Come nasce una poesia? Talvolta per una combinazione di eventi fortuiti.
Una candela che si accende all'improvviso.
Chi mi accese la fiammella nella mente? È una storia curiosa...

Si dice che quando si è pronti ad imparare una lezione comparirà il maestro.

Navigavo nel mare internauta, cosi, senza meta.
Una fotografia, stelle marine, m'incuriosi.
La pagina che aprii conteneva pensieri e immagini, carina, ma proseguii.
Solo che avevo lasciato una traccia del mio passaggio e m'insegui un messaggio, un saluto.
"Chi sei?" chiesi
"Sono una nuvola, sospinta qua e là dal vento" rispose.
Che strana risposta! Un poeta?!
Lo scoprii presto, ogni immagine che vedeva, una poesia!

Un cipresso solitario in mezzo ai campi, nelle crete senesi e...

Una piuma verde si alza solitaria fra le colline rigate dall'aratro
Respira libero il battito della terra
ed il cielo sereno lo avvolge come uno scialle stellato
e le nuvole portano sino a me le sue parole leggere.

Cosi, in pochi secondi, spedii un'altra foto: filare di cipressi, stessa terra...

Vigili sentinelle i fratelli in piedi scrutano lontano
Segnano il confine del nostro cuore
e colorano l'alba
sino alla fine del giorno.

Una fotografia a cui tenevo, un uomo che cammina lontano sulla spiaggia, di spalle, con la testa rivolta ad est

Solitariamente perso nell'infinito del mare
lasciando impronte leggere sulla sabbia della vita

coinvolta le mie dita si mossero sulla tastiera...

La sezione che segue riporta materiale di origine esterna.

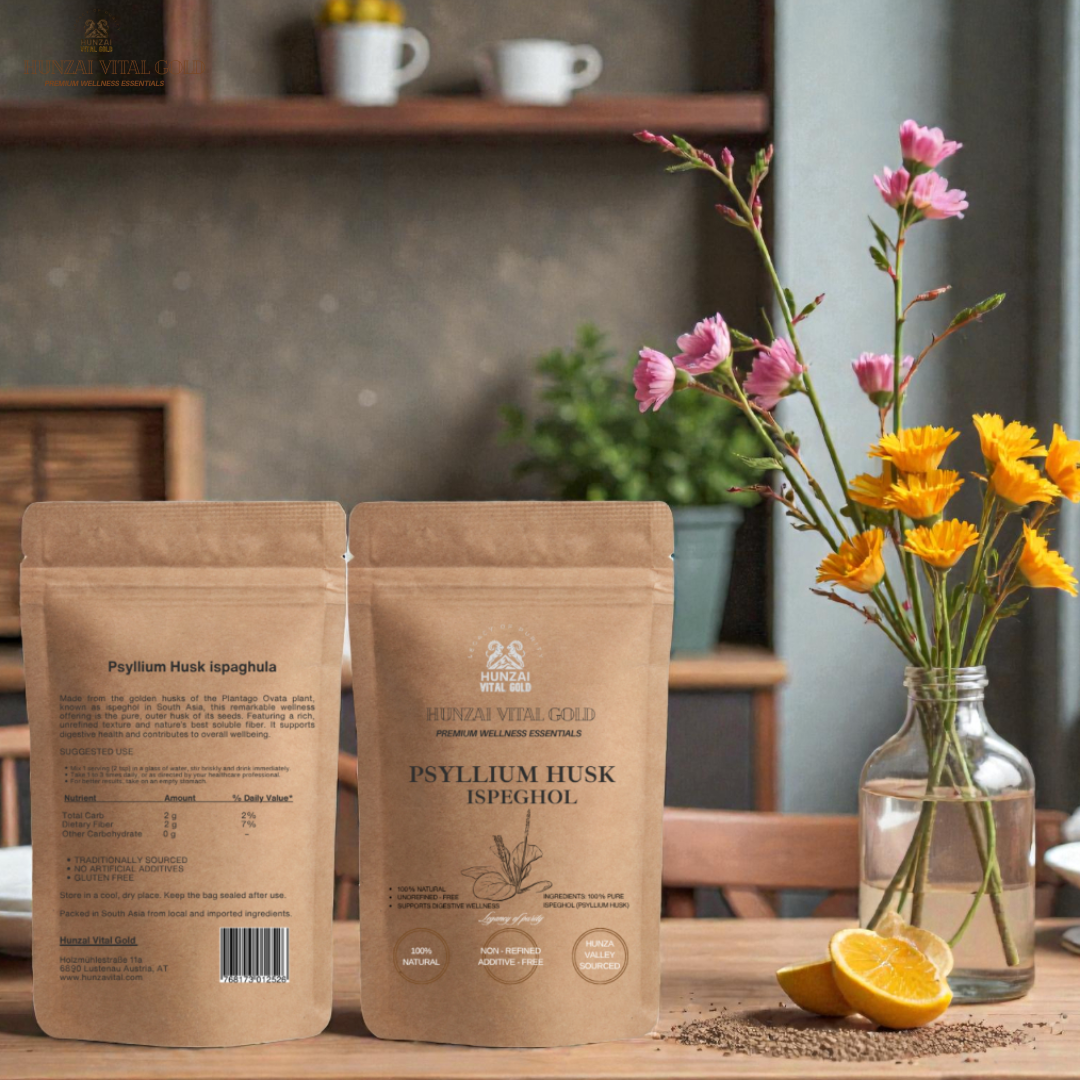 Organic Psyllium- Husk  (Isabgol) – 100% Natural Digestive Fiber | Ayurvedic Superfood for Gut Health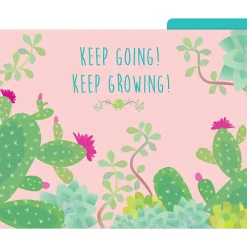 File Folders|Barker Creek File Folder Set, 1/3-Cut Tab, Letter Size, Petals & Prickles, 12/Pack (2000)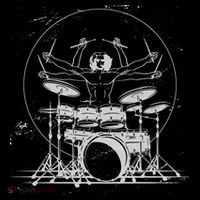 Drummer Playing Rock Band Illustration Visor thumb 3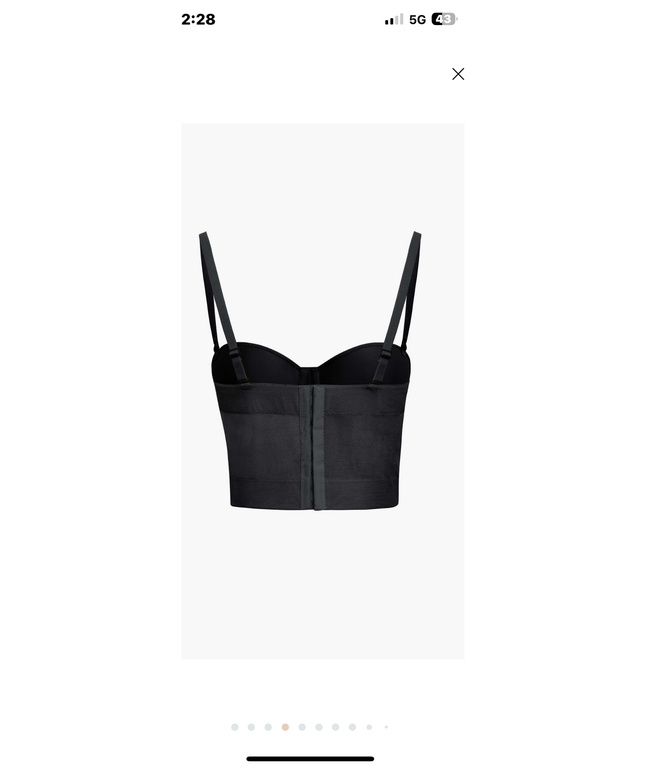 Corset mesh push up bra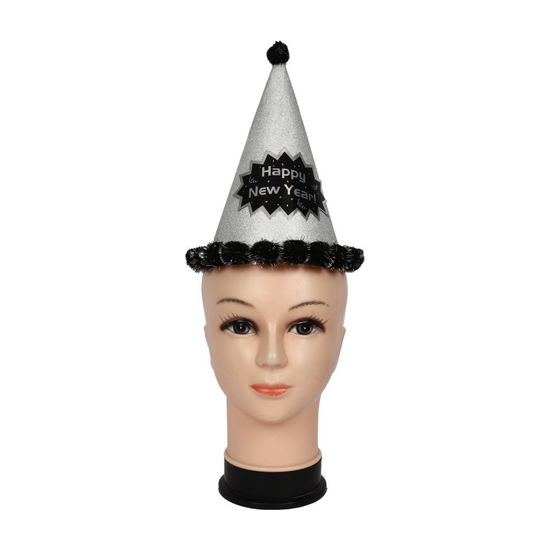 Image de Chapeau Happy New year argent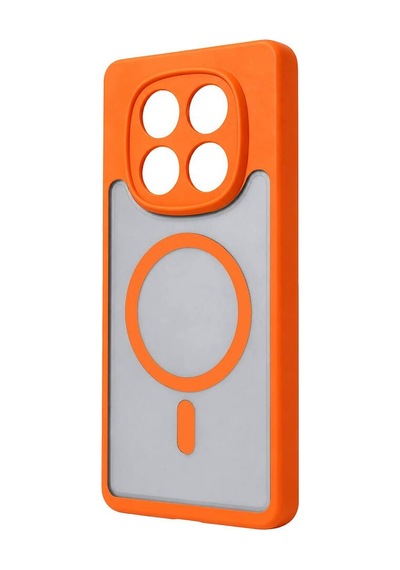 Xiaomi Redmi Note 14 Pro Plus Loji Magsafe Kapak - Turuncu Evimdeyokyok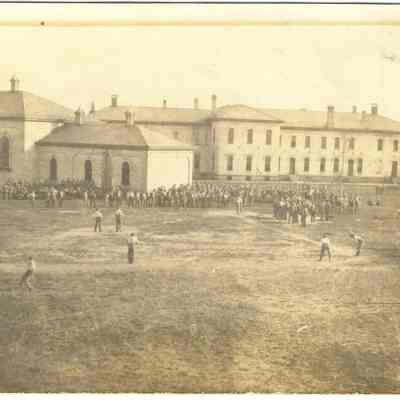 Postcard, Corrections, Wisconsin State Prison, Ball Field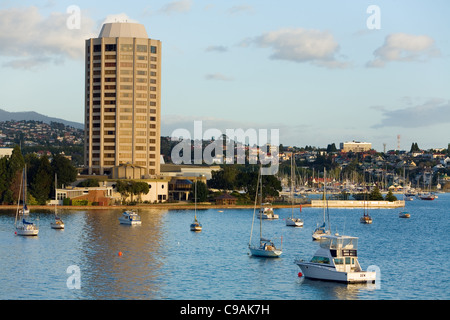 Wrest Point Casino in Sandy Bay. Hobart, Tasmanien, Australien Stockfoto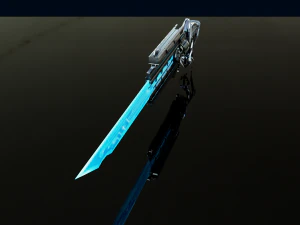 Raging Blade 3D Model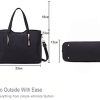 41r7OXWdq6L._AC_.jpg Miss Lulu Sac à main femme 2 avec pochette Sac à bandoulière Chic Bag (Noir)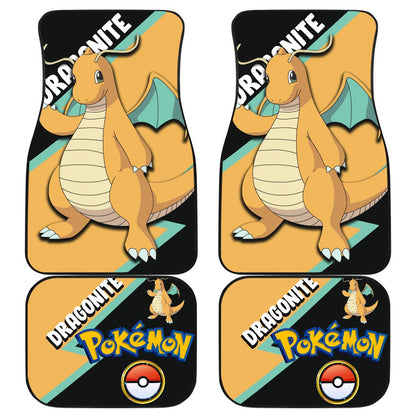 Dragonite Car Floor Mats Custom Anime Car Interior Accessories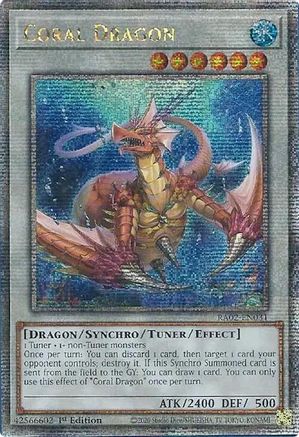 Coral Dragon (Quarter Century Secret Rare) (RA02-EN031) - 25th Anniversary Rarity Collection II 1st Edition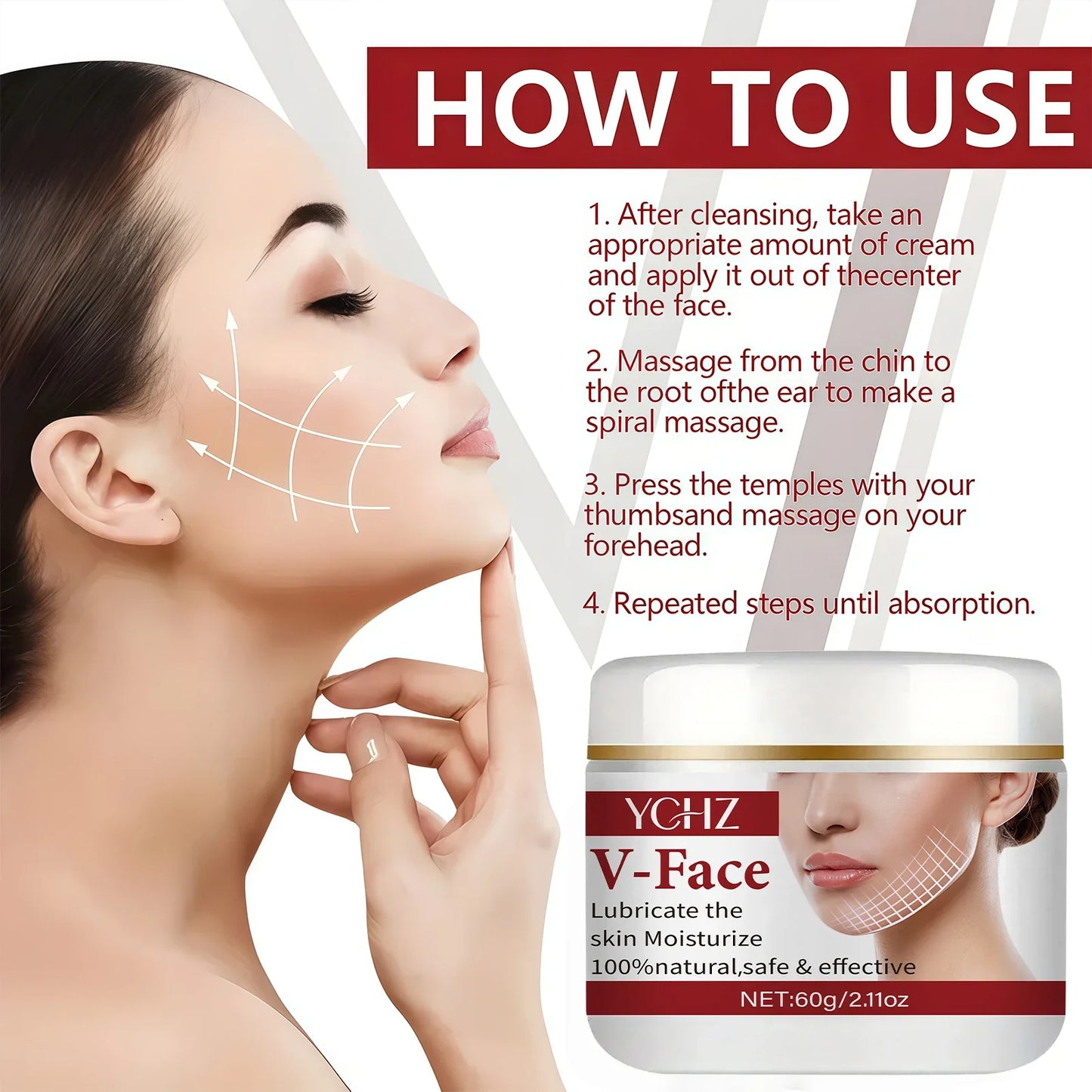 YCHZ V Face Firming Cream – Lifting Formula 60g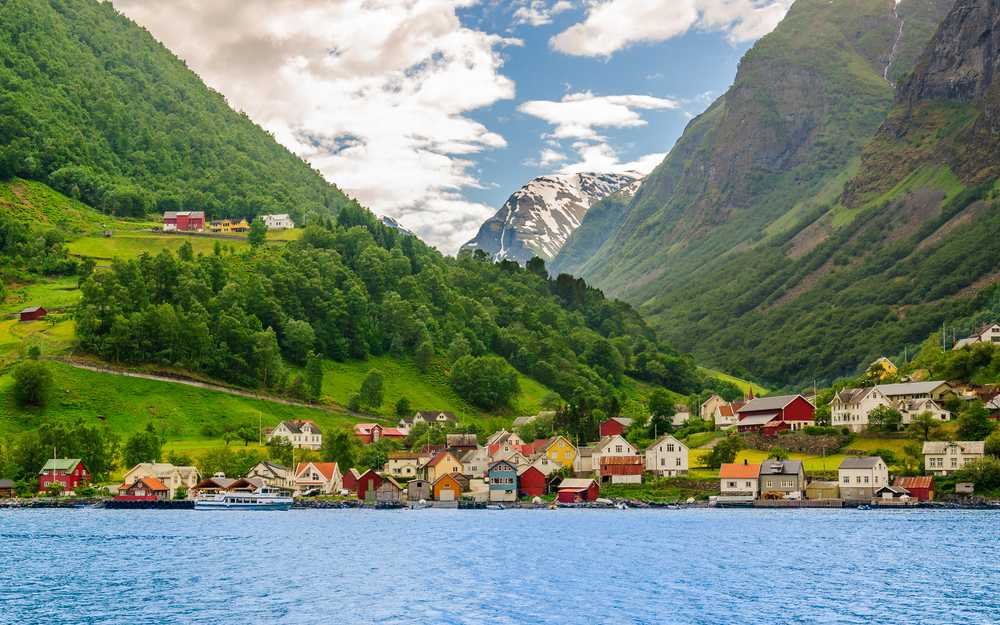 Village in Sognefjord
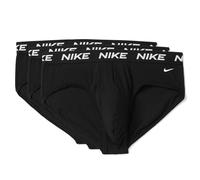 Nike Men's All Day Cotton Stretch Hip Brief W/Fly Underwear (3-Pack), Black/Black/Black, XL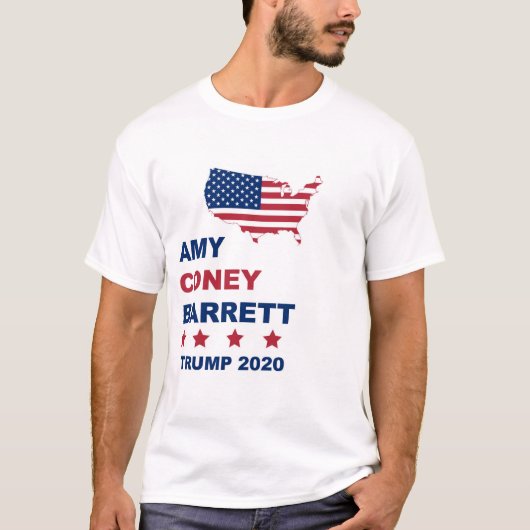 AMY CONEY BARRETT & TRUMP 2020 T-SHIRT (Voorkant)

Ascolto il canto dell'universo
racchiuso in una conchiglia perduta dalla marea
respiro sale e malinconia
e il ribollire dell'esistenza umana

Incredibile, avevo scritto dei versi, d'istinto, cosi, in un lampo!!! Un'emozione euforica mi prese, ma la nuvola raccolse la sfida ed ecco comparire altri versi...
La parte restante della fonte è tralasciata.